The previous night of the world revolution7~P.D.~

…それにしても。

『青薔薇連合会』の裏幹部と一緒に、手作り料理を囲んで夕食とは。

改めて振り返ってみると、俺、結構大胆なことしてるよなぁ…。

そう考えたら、餃子の味が分からなくなりそうなので。

よし。
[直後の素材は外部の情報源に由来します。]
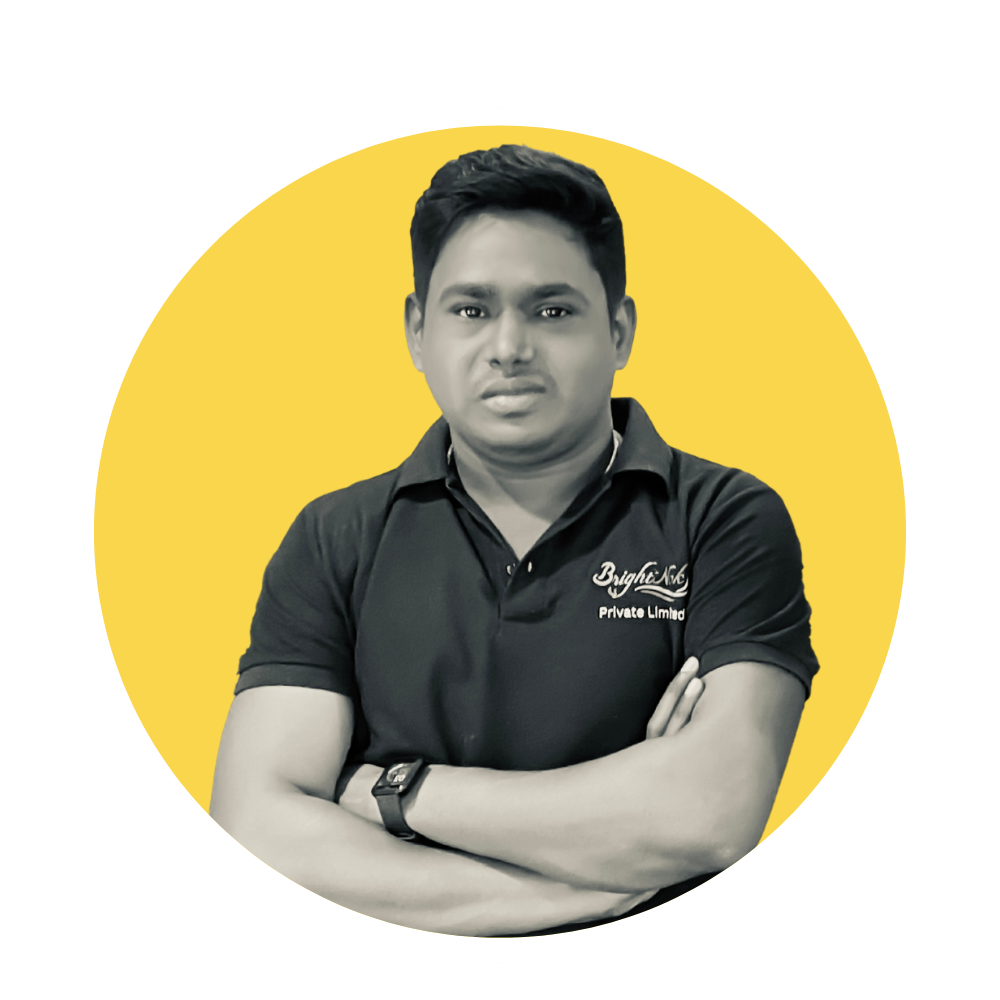 Ganesh yadav - founder & CEO - laundry bill book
考えるのやめよう。

ほら、俺とルーチェスさんは、上司と部下である前にお隣さんだから。

これは仕事の付き合いではなく、ただのご近所付き合いだ。

そう思おう。

ルーチェスさんも、特に気にしてなさそうだし…。

そもそも、そんなことを気にしていたら、わざわざうちに来て餃子を包んだりはしないだろう。

おおらかな性格なんだろうな。

さすが、ルレイアさんの弟子である。

餃子くらいで、恩着せがましくしない…。

…ん?

餃子が美味しくて、それどころじゃなかったけど。

俺、何か大切なことを忘れてないか?

あらかた食べて終えてから、俺はようやくそのことに気がついた。
 
「…あの、ルーチェスさん」

改めて、俺はルーチェスさんに声をかけた。

…しかし。

「やっぱりそう思いますか?ルヴィアさんも」

「は?」

何が?

「餃子の皮、出来るだけ生地のもちもち感を追求してみたんですけどね。ほら、僕もちもちした感触好きなんですよ。まるでこう…セカイさんのおっぱいを触ってる気分になるでしょう?」

…えっと。

…何の話ですか?

「ルーチェス君のえっち〜」

「ありがとうございます」

感謝することではないと思うんだけど。

それは褒め言葉なのか?

「でも、揚げ餃子にはもちもちした皮より、薄くてカリッとした皮の方が合いますね」

「は、はぁ」

「次は気をつけますね。今日のところはこれで我慢してもらえませんか?」

いや、俺は別に。

ルーチェスさん作の餃子の皮に文句をつけるつもりで、声をかけた訳じゃないんですが。

それに、もちもち生地も美味しいですよ。

「あの、そうじゃなくて…」

「あ、餃子のタレですか?もっとお酢を効かせた方が好きです?僕自身があまり、酢を強くするのが好きじゃないもので。つい控えめにしてしまったんですが」

「え、あ」

違う。餃子のタレについて文句を言いたかった訳でもなくて。

ルーチェスさんの料理に、ケチなんかつけるはずがないだろう。

「僕のことは気にせず、追加でお酢を入れても良いですよ」

「…あの、餃子のタレの話じゃなくて」

「え?じゃあ麻婆豆腐の話ですか?」

何でそうなるんですか。

麻婆豆腐の話でもなくて。

「…ルーチェスさん、今日はまた…何でこんな餃子パーティーを開いたんですか?」

そもそもあなた、うちに何をしに来たんだ。

まずそこを聞いていなかった。一番に聞くべきだったのに。